― Quelle tragédie pour une vie sans défense, sans résistance face à un despotique pouvoir qui l'écrase avec insistance. Pauvre conscience, malheureux esprit, camarades de cellule en ce corps geôlier...
― Encore en train de jouer le martyr sur la croix...
― A rester les bras croisés, tu réfléchis trop !
― Ne bâille pas tant aux corneilles, bon à rien !
Se moque de lui, une nuée de corbeaux aux sombres plumeaux, à la jactance aigre, à l'appétit goulu.
― A l'aide ! Les envahisseurs, les envahisseurs ! Des gens ! A l'aide !
Il crie dans sa langue incompréhensible et inaudible tandis que les prédateurs se ruent sur les semailles de blé.
― Pourquoi brailles-tu ?
― Espères-tu qu'un humain t'entende ?
― Un humain n'entend que ce qui lui donne du profit sinon il reste sourd. C'est connu !
Chaque corbeau parle le bec plein de graines, se gavant jusqu'à l'occlusion du gésier.
― Mon Maître ! Au secours, mon Maître !
― Mais il a la berlue ou quoi !
― Ton Maître ne viendra pas.
― Mon Maître est mon égal ! Il viendra !
― Pourquoi crois-tu qu'il t'a planté là !
― Pour exécuter le sale boulot à sa place !
― Non ! Je suis son égal par conséquent, nous partageons le labeur.
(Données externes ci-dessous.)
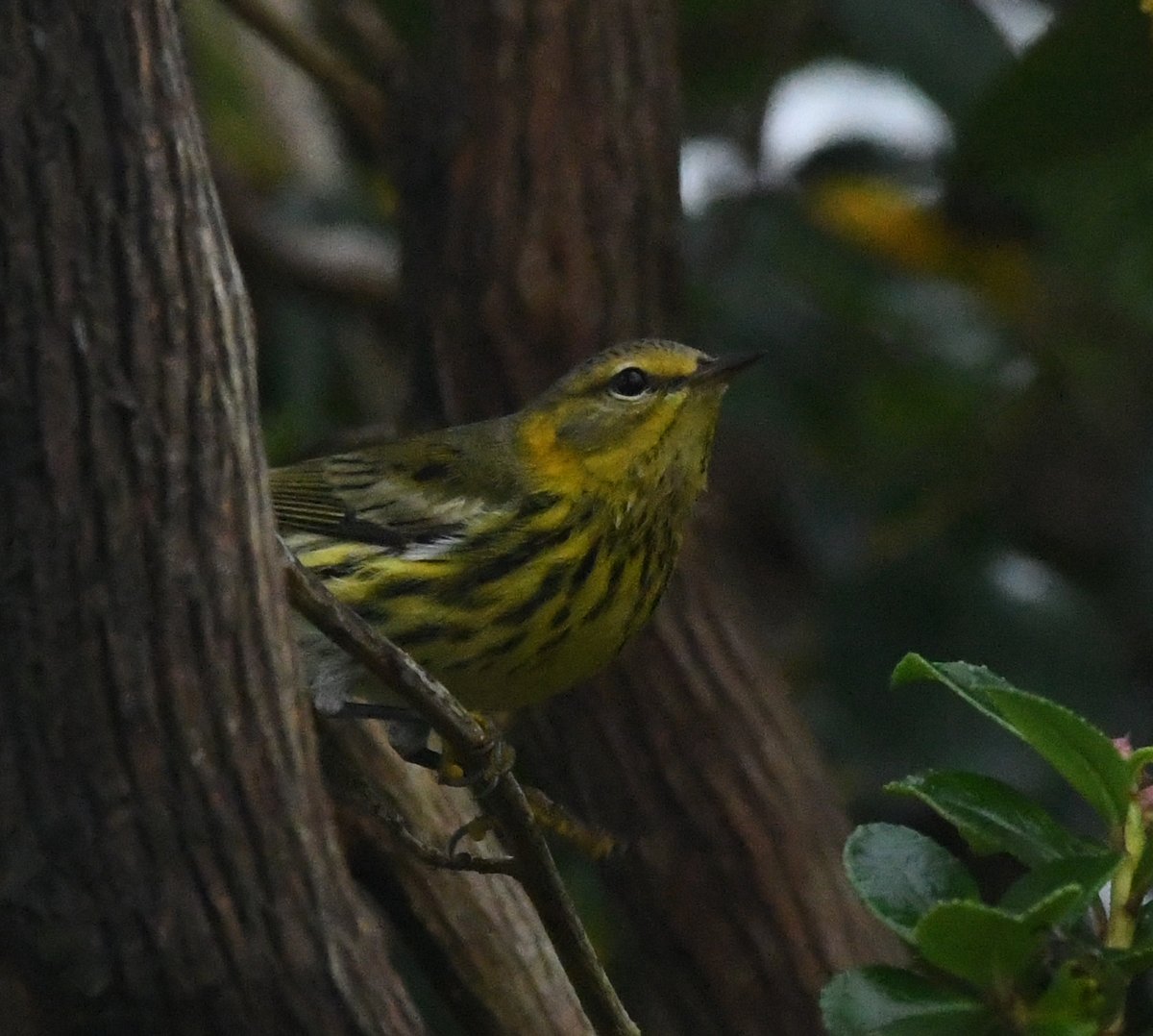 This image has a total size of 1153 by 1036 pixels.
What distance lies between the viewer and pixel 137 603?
182 centimetres

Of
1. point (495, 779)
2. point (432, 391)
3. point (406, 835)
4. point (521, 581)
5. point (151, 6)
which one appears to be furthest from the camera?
point (432, 391)

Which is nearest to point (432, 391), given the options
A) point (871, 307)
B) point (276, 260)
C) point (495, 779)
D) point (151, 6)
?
point (276, 260)

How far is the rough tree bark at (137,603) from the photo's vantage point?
5.70 feet

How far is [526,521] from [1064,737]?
1573 mm

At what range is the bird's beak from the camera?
10.1 feet

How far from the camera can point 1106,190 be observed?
4.09 m

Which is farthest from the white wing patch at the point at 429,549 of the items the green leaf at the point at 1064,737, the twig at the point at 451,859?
the green leaf at the point at 1064,737

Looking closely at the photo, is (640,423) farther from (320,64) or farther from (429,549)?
(320,64)

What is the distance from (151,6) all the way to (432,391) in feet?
6.09

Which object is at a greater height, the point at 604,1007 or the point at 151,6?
the point at 151,6

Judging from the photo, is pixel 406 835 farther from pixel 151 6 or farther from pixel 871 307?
pixel 871 307

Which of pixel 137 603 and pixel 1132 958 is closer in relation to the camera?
pixel 1132 958

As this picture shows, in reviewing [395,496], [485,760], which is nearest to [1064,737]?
[485,760]

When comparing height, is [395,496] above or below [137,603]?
below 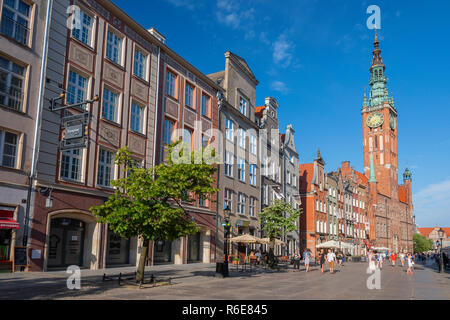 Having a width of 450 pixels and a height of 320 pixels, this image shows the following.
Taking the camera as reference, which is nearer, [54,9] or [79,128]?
[79,128]

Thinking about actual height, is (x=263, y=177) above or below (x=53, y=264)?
above

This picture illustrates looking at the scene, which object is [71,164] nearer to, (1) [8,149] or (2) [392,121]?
(1) [8,149]

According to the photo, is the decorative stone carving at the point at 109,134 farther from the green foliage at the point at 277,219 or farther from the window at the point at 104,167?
the green foliage at the point at 277,219

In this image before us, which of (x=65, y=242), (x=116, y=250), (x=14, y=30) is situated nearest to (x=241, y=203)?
(x=116, y=250)

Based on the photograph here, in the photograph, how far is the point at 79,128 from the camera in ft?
56.3

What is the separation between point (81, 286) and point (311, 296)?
8.02m

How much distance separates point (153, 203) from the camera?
15.7 metres

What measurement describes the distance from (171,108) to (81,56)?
322 inches

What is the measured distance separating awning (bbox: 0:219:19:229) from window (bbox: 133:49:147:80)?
39.7 ft

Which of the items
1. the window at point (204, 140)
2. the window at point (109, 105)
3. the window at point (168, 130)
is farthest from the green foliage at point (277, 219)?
the window at point (109, 105)

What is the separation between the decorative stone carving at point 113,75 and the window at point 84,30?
5.41ft

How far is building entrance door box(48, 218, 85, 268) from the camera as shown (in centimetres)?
1948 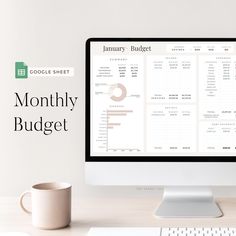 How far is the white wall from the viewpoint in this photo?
1.63m

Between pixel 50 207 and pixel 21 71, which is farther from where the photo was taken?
pixel 21 71

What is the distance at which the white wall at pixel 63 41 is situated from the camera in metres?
1.63

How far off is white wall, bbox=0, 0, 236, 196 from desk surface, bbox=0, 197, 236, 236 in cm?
11

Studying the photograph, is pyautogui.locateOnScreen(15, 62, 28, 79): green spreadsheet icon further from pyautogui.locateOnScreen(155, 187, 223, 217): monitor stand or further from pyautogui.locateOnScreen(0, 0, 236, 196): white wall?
pyautogui.locateOnScreen(155, 187, 223, 217): monitor stand

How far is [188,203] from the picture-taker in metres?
1.43

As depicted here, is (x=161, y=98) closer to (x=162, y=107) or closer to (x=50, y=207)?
(x=162, y=107)

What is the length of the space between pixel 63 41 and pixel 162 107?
0.46m

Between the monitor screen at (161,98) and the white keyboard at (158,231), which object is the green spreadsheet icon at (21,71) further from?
the white keyboard at (158,231)

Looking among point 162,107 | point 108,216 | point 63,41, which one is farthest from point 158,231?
point 63,41

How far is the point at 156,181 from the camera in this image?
1396 millimetres

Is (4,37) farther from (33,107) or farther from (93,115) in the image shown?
(93,115)

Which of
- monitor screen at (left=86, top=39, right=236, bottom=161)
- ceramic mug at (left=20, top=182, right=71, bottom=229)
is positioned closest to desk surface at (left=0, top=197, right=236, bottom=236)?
ceramic mug at (left=20, top=182, right=71, bottom=229)

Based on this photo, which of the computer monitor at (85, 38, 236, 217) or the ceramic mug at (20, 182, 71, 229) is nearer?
the ceramic mug at (20, 182, 71, 229)

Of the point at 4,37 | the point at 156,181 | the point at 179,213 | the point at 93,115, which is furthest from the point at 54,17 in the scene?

D'un côté, il laboure et sème son champ, de l'autre, je surveille, en bon vigile, le bon déroulement des opérations.
― En cas d'alerte, tu cries et il accourt.
Se tordent de rire les corbeaux qui s'étouffent dans leur festin.
― Tu n'as vraiment rien compris ! A toi, te reviens le devoir de nous chasser.
― Mais comment ? Raides comme des piquets, mes membres paralysent mes mouvements.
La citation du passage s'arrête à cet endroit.